My friend Matthew Vines’ book God and the Gay Christian is hitting bookshelves tomorrow, and some reviewers have already predicted that it might be one of the more popular, if controversial, Christian books this year. I received an advance copy for review, and I would second these predictions. Matthew’s book is fascinating, compelling, and contributes significantly to the conversation in the church about same sex relationships.
I am also flattered to say that I have a couple of cameo appearences in the book, and some of my work from Sacred Tension is quoted. I also know Matthew personally, so I admit from the start that my review might be just a little biased. Despite that, I found it a compelling, fascinating read, and recommend it to readers on both side of the debate.
Here are a few reasons you should pick up Matthew’s book God and the Gay Christian.
It challenges us to engage with real people.
A great deal of conversation in the church about the gay issue exists in something of an experintial vacuum, totally divorced from the real lives, hearts, and struggles of gay people. A conversation without context, no matter how theologically informed, will ultimately fall short or even be destructive to those it is about. This book attempts to change that by challenging us to consider the implications of our beliefs in the lives of real gay people. It asks some deeply troubling questions, like whether our beliefs are fundamentally damaging to the lives and well-being of gay people. Most powerfully, perhaps, the book challenges us to re-examine the mandate to lifelong celibacy for gay people, asking readers to consider if such a mandate isn’t just deadly, but also contrary to the traditions of the Church and core Christian doctrines.
Regardless of where one falls on the theological spectrum, this challenge to engage more deeply with the lives of gay people and to consider the implications of our beliefs will be valuable and redemptive.
It Takes the Bible Seriously.
Matthew Vines takes the Bible very, very seriously, and this book is a testimony to that fact. Some who affirm gay relationships see the Bible as an outdated manuscript with little relevance or authority beyond general themes of love, charity, and justice. Matthew, on the other hand, believes that scripture is God-breathed revelation with very real, very immediate consequences for the world and our lives. In my personal conversations with Matthew, I can attest to his deep love of Scripture, and his commitment to discerning its meaning.
God and the gay Christian expresses this adoration and honoring of Scripture profoundly. You should take this book seriously because Matthew takes the Bible seriously.
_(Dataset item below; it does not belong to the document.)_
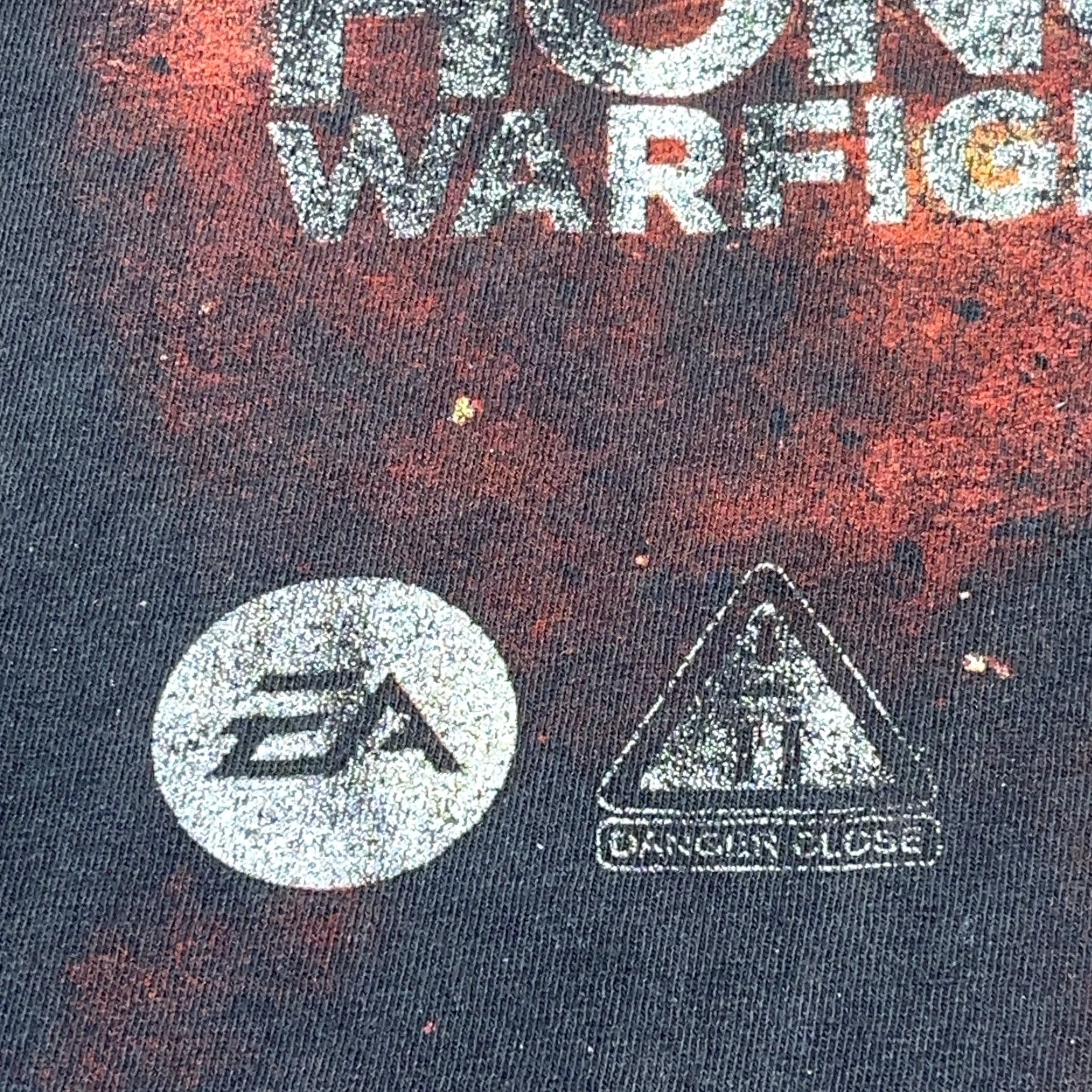 Vintage VINTAGE Medal Of Honor Warfighter Shirt Men XL Black Tee Sun Faded Logo Batman Graphic Print Retro Size US XL / EU 56 / 4 - 3 Thumbnail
It is Elegant and Accessible.
The real power in Matthew’s book is that it is short, elegant, and accessible to the average reader, while still conveying complex and sometimes befuddling theological and historical questions and themes. His understanding of Church history and theology is powerful (he is also one of the most terrifyingly well read people I have ever met) but he manages to convey his knowledge in elegant, simple language that everyone can understand.
There has simply never been a book like this in the church before. Matthew builds his arguments on those who have come before him – scholars and theologians who have often been missed by the theologically untrained. The power – and the ingenuity – of Matthew’s book is that it makes the arguements and ideas about homosexuality and Christianity accessible in a way that many theologians before him didn’t. It is a new step the conversation, and I hope it will bring the Church as a whole closer to a more peaceful and honest discussion.
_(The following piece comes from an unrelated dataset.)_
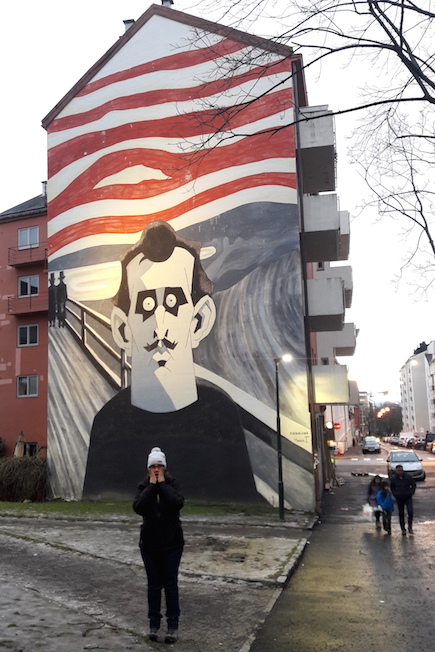 urlo munch oslo norvegia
It should be said that its elegance and simplicity do mean that some aspects of the debate could not be examined as thorougly as some readers might hope. Some readers may be left with questions about gender complimentarity, about whether or not sexual orientation is merely a modern social construct, or about whether homosexual orientation really is fixed and immutable. Matthew does engage all of these questions, but perhaps not to the degree that some readers would hope. I expect that a great deal of the discusion about the book will center around Matthew’s treatment of these themes. It is also important to see God and the Gay Christian as just one voice in a wider conversation, among books like Justin Lee’s Torn, and James Brownson’s Bible, Gender, Sexuality, that help to fill in the subjects that Matthew could not examine as thoroughly here.
It is a Conversation Starter.
Ultimately, this book is not the final word on the subject. It is, instead, a powerful conversation starter. It is another piece of the dialogue. Not everyone will find it theologically compelling, but I am convinced that the diaolgue and criticism born out of this book, both positive and negative, will be valuable for the church. My hope is that Christians of all different persuasions and convictions will read and seriously engage with this book, continuing to do the difficult work of trying to discern the Scriptures in relation to gay people with compassion, with humility, and in cooperation with the Holy Spirit.